Талли долго смотрела на доктора, пока, наконец, смогла сказать:

— Извините, боюсь, что не поняла вас.

— Вашей матери нужен кто-то, кто будет ухаживать за ней.

— Хорошо, — сказала Талли. — Я не сомневаюсь, что мы сможем решить этот вопрос. Тетя Лена возьмет маму к себе.

— И что же?

— Что что же? Мы наймем сиделку, физиотерапевта, что там еще ей нужно? Она работала на благо города. Город это и оплатит.

— Страховка вашей матери не сможет покрыть всех расходов.

— Что значит не сможет?! — возмутилась Талли. — Она работала на Топику двадцать с лишним лет, не пропустила ни одного дня, никогда не брала больничный, ходила на работу в любом состоянии. Да она, может, и инсульт этот получила из-за того, что надышалась испарениями фабрики! Вы хотите сказать, что в ее страховку не входит потеря трудоспособности?

— Нет-нет, разумеется, входит. Но страховки по потере трудоспособности хватит примерно на два года, — сказал доктор Рубен. — Я узнавал, ей полагается весьма значительная сумма. Но все равно ее хватит только на физиотерапевта, который будет приходить один-два раза в неделю, и на работника социальной службы — один раз в неделю. Этих денег не хватит на то, чтобы нанять сиделку на каждый день, которая готовила бы, купала ее, стирала одежду, укладывала спать, три раза в день давала лекарства. Я имею в виду ежедневный уход за тяжелобольным человеком, понимаете?

— Да, — сказала Талли. — Ну и чем вас не устраивает тетя Лена?

Доктор Рубен, только что в очередной раз водрузивший очки на нос, снова снял их.

— Талли, у вашей тети достаточно своих проблем.

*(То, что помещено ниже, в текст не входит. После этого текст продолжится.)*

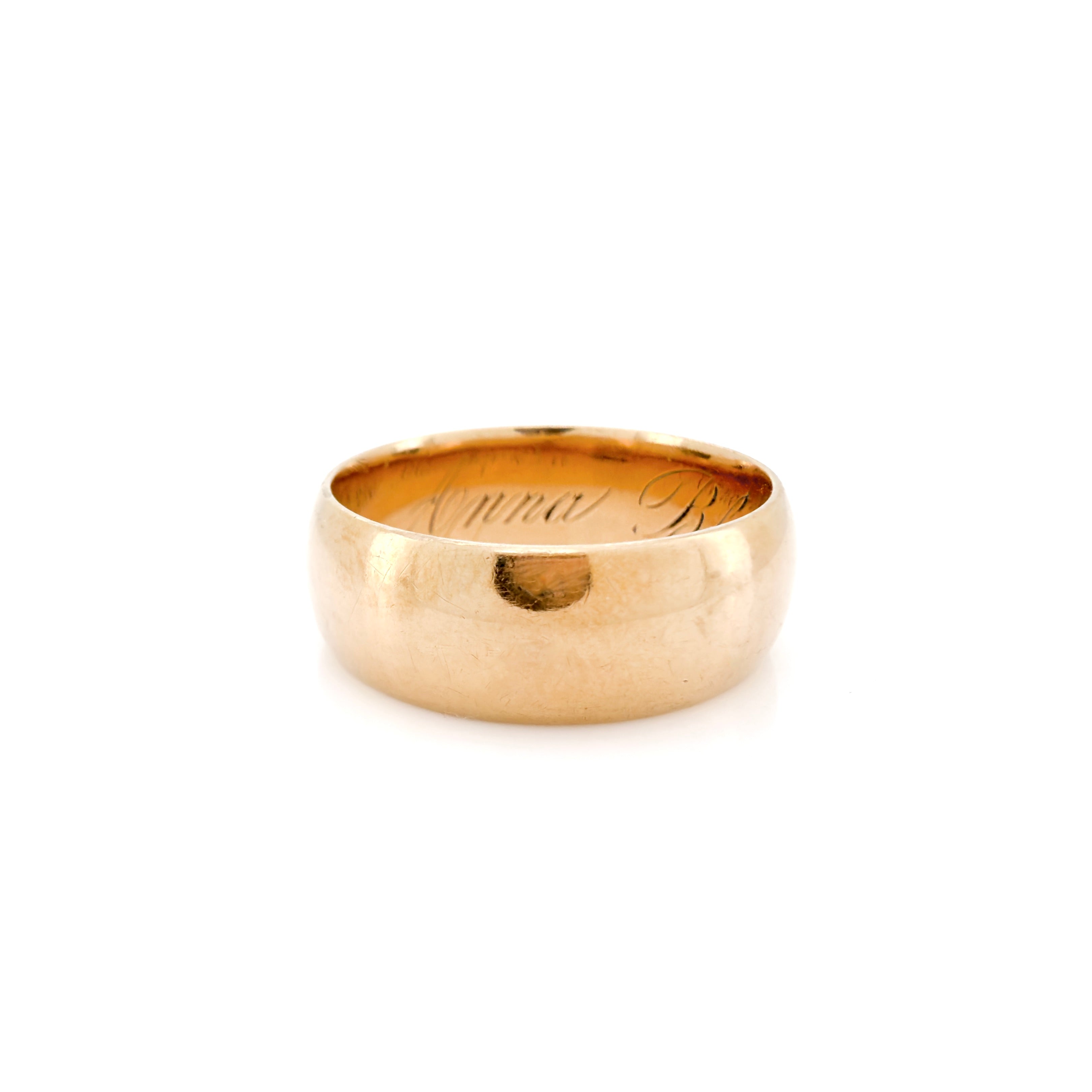 A classic Victorian yellow gold band ring with a smooth, polished finish and a custom engraving inside, shown on a clean white background.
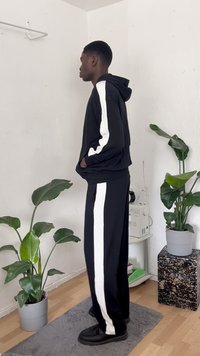 Camisola preta com riscas brancas, calças pretas a condizer com riscas laterais brancas, usadas com sapatos pretos. Ambiente interior com plantas em vasos.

Мы говорили с ней и даже ходили к ней домой. Больничному персоналу показалось, что она сама… нуждается в присмотре.

Талли чуть было не улыбнулась.

— Не могу с вами не согласиться. Так что же вы предлагаете, доктор?

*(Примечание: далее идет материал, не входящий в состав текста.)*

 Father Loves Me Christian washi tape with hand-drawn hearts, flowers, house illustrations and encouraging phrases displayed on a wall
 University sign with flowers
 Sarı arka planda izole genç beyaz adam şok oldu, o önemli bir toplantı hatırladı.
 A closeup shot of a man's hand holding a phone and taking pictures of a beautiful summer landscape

Он надел очки и тут же снял их.

— Вы не думали вернуться домой?

Талли на секунду онемела, а потом засмеялась. Она встала со стула, все еще смеясь, подошла к столу доктора, перегнулась над столом, так что оказалась совсем близко от его лица, и перестала смеяться.

— Вы, должно быть, пошутили, доктор, — ее слова звучали как выстрелы, — и это была чертовски неудачная шутка.

Она выпрямилась.

— Талли, я знаю, что вы хотите быть независимой…

— Независимой, Господи! — оборвала она его. — Доктор, извините, вы, естественно, не можете знать. Но позвольте вам сказать, что то, о чем вы просите, — совершенно невозможною.

— Почему невозможно?

— Ну, во-первых, — сказала Талли, — потому что негде жить. Я проезжала пару раз по Гроув-стрит. Моя мать там больше не живет. Как та Алиса из кино. Там живет моя тетя с каким-то типом.